Je vous remercie, monsieur le ministre.
Hier, le « procès de la honte » s'est ouvert à Madrid : je veux bien sûr parler de celui des douze responsables indépendantistes catalans, notamment associatifs, qui risquent de sept à vingt-cinq ans de prison pour avoir rempli, ou simplement soutenu, le mandat qui leur a été confié de manière démocratique par le peuple, à savoir celui d'organiser un référendum d'indépendance. Ils sont jugés par l'État espagnol pour rébellion, sédition, détournement de fonds publics. Ces accusations ont été créées de toutes pièces pour justifier lesdites charges et ont été écartées par les juridictions belges, écossaises, allemandes, ainsi que par le gouvernement suisse, lorsque ces instances ont refusé d'extrader vers l'Espagne l'ex-président Puigdemont, ainsi que ses ministres en exil, sur le seul fondement de la rébellion et de la sédition, en raison de l'absence totale de violence des accusés.

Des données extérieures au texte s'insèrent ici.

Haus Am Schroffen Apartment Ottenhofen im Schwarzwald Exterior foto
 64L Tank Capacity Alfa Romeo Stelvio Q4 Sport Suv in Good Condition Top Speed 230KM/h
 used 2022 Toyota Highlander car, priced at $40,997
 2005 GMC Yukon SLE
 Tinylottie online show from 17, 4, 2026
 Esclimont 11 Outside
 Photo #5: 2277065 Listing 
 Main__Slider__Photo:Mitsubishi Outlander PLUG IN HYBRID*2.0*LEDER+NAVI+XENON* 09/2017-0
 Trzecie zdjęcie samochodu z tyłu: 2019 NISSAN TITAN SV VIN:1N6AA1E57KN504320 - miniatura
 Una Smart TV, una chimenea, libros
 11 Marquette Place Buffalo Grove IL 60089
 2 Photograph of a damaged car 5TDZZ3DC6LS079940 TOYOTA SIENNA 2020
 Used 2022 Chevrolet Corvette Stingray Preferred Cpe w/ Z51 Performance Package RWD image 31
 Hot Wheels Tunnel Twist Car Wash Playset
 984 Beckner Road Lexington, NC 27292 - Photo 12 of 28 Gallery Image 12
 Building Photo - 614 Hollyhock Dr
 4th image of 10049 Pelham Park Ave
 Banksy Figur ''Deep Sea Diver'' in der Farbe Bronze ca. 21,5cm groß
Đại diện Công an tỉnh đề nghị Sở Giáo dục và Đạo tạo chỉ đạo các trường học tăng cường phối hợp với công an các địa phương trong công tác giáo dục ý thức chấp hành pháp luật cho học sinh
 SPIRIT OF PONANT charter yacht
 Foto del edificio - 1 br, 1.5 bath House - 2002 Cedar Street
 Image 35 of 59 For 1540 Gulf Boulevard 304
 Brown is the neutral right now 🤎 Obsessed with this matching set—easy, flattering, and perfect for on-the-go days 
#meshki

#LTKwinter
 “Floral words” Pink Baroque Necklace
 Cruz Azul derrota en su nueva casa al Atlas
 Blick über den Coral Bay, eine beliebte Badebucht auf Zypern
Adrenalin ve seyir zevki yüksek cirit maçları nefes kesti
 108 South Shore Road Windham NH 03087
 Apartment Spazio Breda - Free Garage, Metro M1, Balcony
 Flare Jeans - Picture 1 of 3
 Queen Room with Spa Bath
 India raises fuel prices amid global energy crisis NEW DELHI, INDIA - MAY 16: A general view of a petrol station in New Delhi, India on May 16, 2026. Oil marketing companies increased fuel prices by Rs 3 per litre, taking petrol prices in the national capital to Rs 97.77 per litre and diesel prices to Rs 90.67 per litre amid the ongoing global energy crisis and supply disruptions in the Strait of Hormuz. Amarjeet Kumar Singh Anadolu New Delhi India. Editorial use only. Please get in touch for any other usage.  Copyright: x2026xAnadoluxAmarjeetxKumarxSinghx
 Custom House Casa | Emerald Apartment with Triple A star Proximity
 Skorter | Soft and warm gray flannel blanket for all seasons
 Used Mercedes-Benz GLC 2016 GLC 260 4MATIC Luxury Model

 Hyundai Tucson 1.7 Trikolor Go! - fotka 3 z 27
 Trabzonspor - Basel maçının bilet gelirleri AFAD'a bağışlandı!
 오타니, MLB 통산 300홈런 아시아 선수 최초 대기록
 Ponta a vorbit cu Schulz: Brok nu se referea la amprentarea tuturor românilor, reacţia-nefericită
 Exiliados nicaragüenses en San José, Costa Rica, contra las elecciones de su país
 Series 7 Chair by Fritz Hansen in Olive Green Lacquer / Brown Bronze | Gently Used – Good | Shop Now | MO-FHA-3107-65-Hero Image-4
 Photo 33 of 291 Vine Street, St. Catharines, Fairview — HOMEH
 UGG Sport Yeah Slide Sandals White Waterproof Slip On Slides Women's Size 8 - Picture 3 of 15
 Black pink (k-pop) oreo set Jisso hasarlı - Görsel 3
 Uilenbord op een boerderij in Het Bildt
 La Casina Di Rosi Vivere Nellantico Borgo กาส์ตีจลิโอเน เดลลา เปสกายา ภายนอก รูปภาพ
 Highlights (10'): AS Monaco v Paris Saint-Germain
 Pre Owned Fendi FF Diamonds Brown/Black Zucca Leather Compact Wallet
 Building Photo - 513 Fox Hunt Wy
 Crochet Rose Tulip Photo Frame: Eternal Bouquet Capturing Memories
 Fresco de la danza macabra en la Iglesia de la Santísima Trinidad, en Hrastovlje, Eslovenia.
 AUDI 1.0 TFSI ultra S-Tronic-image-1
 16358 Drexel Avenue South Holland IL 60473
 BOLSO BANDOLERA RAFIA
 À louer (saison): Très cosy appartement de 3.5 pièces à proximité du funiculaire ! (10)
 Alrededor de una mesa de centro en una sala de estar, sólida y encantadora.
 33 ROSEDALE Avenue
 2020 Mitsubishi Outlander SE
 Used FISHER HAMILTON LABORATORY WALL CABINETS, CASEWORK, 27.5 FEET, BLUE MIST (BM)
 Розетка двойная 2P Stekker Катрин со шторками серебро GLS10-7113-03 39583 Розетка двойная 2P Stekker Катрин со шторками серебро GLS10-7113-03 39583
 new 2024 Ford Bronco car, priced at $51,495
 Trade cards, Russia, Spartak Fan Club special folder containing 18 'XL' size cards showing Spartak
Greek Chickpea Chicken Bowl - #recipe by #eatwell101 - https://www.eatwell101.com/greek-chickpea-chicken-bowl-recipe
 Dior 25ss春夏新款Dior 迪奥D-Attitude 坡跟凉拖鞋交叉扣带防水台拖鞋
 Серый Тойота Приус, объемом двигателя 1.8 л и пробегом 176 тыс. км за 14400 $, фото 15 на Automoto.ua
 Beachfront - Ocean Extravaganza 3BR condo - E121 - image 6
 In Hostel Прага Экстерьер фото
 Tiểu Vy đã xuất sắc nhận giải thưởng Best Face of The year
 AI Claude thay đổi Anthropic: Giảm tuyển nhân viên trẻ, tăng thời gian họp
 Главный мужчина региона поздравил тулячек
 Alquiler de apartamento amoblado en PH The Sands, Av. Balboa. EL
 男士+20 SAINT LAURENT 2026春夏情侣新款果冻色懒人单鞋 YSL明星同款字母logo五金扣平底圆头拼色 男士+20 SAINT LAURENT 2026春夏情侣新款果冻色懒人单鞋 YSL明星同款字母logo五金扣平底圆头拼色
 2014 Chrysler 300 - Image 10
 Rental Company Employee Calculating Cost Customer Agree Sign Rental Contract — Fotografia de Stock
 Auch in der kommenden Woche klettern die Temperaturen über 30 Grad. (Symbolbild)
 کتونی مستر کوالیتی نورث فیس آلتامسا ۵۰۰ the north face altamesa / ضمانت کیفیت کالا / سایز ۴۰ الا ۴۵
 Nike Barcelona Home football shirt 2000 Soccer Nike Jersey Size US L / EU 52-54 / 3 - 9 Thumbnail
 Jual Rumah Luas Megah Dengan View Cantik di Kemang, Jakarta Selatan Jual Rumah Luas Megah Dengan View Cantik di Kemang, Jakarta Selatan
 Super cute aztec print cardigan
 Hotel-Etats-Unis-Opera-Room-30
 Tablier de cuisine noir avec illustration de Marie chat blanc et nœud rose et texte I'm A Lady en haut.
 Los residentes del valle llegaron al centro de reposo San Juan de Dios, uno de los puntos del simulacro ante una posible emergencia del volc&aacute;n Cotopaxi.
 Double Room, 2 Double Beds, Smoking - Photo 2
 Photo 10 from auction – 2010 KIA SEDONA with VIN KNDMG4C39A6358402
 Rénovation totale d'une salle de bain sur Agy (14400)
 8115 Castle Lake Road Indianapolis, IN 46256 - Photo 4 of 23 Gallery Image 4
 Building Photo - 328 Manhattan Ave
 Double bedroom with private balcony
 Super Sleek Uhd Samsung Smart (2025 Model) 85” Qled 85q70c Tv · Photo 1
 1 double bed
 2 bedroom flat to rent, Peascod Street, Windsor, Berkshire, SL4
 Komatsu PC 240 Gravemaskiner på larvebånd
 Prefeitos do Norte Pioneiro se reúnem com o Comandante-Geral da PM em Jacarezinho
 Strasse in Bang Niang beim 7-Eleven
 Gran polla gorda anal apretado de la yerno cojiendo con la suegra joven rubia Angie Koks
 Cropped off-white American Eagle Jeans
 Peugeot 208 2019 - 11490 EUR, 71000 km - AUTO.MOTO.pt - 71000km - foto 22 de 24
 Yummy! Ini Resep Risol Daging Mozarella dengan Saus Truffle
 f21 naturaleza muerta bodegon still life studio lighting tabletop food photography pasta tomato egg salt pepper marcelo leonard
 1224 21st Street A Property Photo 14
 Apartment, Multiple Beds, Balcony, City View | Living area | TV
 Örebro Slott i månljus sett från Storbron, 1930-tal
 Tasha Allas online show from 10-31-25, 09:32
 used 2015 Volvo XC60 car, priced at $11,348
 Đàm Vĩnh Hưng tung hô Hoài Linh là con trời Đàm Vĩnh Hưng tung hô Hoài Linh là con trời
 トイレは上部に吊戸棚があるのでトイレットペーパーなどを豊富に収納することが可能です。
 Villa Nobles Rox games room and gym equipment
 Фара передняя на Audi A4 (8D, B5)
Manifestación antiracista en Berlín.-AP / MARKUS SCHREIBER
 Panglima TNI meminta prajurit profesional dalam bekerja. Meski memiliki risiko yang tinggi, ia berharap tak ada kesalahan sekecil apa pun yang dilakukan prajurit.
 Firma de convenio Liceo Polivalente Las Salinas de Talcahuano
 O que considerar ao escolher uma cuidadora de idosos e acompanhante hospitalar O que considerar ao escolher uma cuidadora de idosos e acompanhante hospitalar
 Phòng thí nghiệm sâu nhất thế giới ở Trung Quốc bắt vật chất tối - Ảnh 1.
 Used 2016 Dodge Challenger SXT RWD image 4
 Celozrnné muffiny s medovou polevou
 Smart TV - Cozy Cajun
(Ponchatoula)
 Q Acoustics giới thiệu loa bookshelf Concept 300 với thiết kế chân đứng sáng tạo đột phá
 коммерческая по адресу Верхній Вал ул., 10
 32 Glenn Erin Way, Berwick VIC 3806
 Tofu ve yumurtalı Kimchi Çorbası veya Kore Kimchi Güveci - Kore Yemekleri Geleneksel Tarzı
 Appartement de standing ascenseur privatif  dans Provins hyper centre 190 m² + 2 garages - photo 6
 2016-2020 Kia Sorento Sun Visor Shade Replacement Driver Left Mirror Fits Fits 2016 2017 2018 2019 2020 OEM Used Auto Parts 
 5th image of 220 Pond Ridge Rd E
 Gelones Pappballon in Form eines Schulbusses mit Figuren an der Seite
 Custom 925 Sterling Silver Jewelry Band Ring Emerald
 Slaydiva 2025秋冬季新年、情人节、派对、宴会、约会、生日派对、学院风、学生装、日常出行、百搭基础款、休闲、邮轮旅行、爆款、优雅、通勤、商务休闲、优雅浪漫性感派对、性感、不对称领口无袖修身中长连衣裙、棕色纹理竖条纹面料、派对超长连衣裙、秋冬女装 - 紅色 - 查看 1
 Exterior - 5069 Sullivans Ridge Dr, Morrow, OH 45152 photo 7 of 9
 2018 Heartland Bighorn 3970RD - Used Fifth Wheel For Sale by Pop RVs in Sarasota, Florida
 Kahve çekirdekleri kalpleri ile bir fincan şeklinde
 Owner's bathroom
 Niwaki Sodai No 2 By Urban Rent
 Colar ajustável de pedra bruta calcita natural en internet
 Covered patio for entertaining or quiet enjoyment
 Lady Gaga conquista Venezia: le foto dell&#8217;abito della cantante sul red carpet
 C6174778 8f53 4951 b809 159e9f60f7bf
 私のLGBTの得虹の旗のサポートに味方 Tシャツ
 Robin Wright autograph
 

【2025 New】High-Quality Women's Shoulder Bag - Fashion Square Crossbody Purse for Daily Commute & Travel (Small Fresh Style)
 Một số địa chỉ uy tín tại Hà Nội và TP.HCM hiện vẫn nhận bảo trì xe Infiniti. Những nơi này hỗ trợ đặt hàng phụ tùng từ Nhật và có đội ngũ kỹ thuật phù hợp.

Par ailleurs, rappelons que le parquet, composé de magistrats nommés sur proposition du gouvernement espagnol, fait ressembler ce procès à un procès politique, le premier de cette ampleur jamais organisé dans l'Union européenne. Que l'on soit pour ou contre l'indépendance de la Catalogne, là n'est pas la question. Il s'agit avant tout du respect des standards démocratiques d'un pays appartenant à l'Union européenne. Or force est de constater que l'Espagne les viole allègrement et que l'Union européenne détourne le regard, au rebours de ce qu'elle fait dans certains autres pays comme la Pologne ou la Hongrie.
On apprend aujourd'hui que les indépendantistes catalans qui font tenir la majorité de Pedro Sánchez au Congrès des députés viennent de voter contre le budget, car ce dernier ne veut pas dialoguer avec eux. On semble ainsi se diriger vers de nouvelles élections en Espagne, avec un super-dimanche ou superdomingo qui verrait se tenir le même jour des scrutins municipaux, régionaux et européens. L'Espagne n'en a donc pas fini avec l'instabilité liée à cette question.
Seul un processus politique que le gouvernement espagnol se refuse à envisager pourrait permettre de sortir de cette situation. La réponse est pourtant à portée de main, puisqu'il ne s'agit ni plus ni moins que d'accéder à la demande de près de 80 % des Catalans, à savoir procéder à un référendum d'autodétermination. Il s'agit d'un processus légitime. Depuis une dizaine d'années, les élections ont toujours porté des majorités indépendantistes à la tête de la Catalogne. L'autodétermination n'est pas un crime, mais un droit universel reconnu par le droit international, et au premier chef par l'ONU.
Monsieur le ministre, j'aimerais savoir si la France compte rappeler à l'Espagne la nécessité de respecter les standards démocratiques européens en matière de droits et libertés fondamentales, et si elle compte appeler à une solution politique sans laquelle nous pouvons craindre que notre voisin espagnol ne s'enfonce durablement dans l'instabilité.